At the edges of of the Los Angeles Convention Center’s West Hall an oasis of creativity and DIY innovation was found in the form of the IndieCade booth.
“We’re trying to be the Sundance for video games,” said Sam Roberts, Festival Director for IndieCade– the International festival for independent games which is held in Culver City each October. “We’re trying to help young creators make cool games with great ideas, bring those games to a mainstream audience and get released through mainstream platforms.”
IndieCade’s presence at E3 is one of the fulcrum points where the large indie game scene connects with major publishers and platform holders. New studios like Haunted Temple Enterprises, who were at the booth showing off Skulls of the Shogun, benefited from expo buzz. The studio is comprised of industry professionals who’ve struck out on their own after years of toiling away at megapublishers like EA.
Yet Indiecade was showcasing more than video games, with no-tech board, card, and participatory games on demo, which might seem strange for a show that is almost obsessively focused on bigger and badder imagery. The games of Ninja and Humans vs. Zombies which were played in a taped off area at the edge of their booth were a reminder to all who passed by that play is a human instinct, and that we don’t need a $5000 computer or a 3D TV that can generate separate images for each viewer in order to have a good time.
It was one of these non-video games that provided my most memorable experience of E3.
Deep Sea is the creation of Austin, Texas based sound designer Robin Arnott.
The game requires that the player wears a gas mask whose goggles have been blacked out and headphones. The player’s breathing is monitored, and that sound is fed back through the headphones along with sonar pings, and the “rumbles made by unseen terrors”. The objective: to use sonar to pinpoint the location of your enemy and sink them before they can find you in the darkness of the ocean.
The seed for the game came from Arnott’s experience as a sound designer for games.
“We’re asked to bring the immersion to games,” Arnott tells me. “We bring the element that people don’t notice but kind of makes them feel transported. Deep Sea is an experiment in immersion using sense deprivation as a strategy for achieving a greater level of immersion”

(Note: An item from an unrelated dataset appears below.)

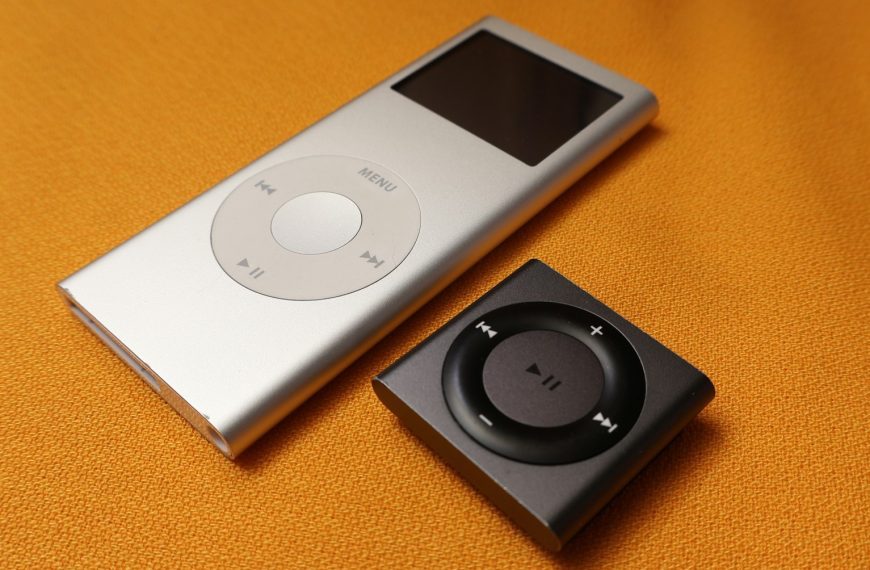 An iPod sitting next to an mp3 player on a bed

The feeling of accomplishment that accompanied sinking my unseen opponent was greater than anything I’d managed to eek out of L.A. Noire. The game challenged my senses in a way that few games have before, plugging into a skill set I rarely get to use. I found the experience meditative, which might not quite be what Arnott expects, as he says the primary emotion he’s playing with is fear.

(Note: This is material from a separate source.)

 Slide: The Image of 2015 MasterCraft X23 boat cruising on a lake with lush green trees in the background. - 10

For his next project, Synapse, Arnott is exploring the other end of the emotional spectrum.
“We’re trying to achieve a kind of euphric synesthesia with sense pleasure, and using dance and play and rhythm.” Dancing in front of a Kinect camera will unlock music and psychedelic projections. Arnott’s team has been “working on it for a little while, but unfortunately our funding just fell through and we started a Kickstarter [recently] to get some of that back.”
If all goes according to plan, Synapse will make it’s debut at this year’s Burning Man. Meanwhile the next crop of indie games will be on display at the next IndieCade, submissions are still open until June 15th, and the festival will run October 6th-9th in Culver City.